(Dataset section begins)

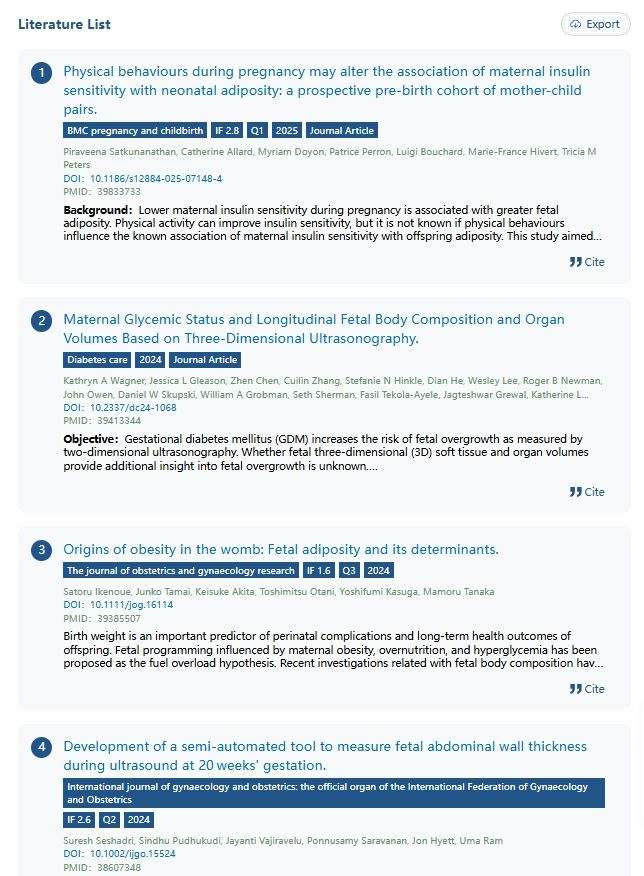AIpubmed's tweet image. 🔬Insights into Excess weight gain in first trimester associated with fetal fat accumulation🔬
Get related literature list: pubmed.ai

#FetalAdiposity #MaternalHealth #PrenatalDevelopment #ObesityPrevention #PerinatalResearch #pubmed #healthcare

(Dataset section ends)

— Work order —
Return the material in full and unaltered, minus its pictures.

— Response to this task —
AIpubmed's tweet image. 🔬Insights into Excess weight gain in first trimester associated with fetal fat accumulation🔬
Get related literature list: pubmed.ai

#FetalAdiposity #MaternalHealth #PrenatalDevelopment #ObesityPrevention #PerinatalResearch #pubmed #healthcare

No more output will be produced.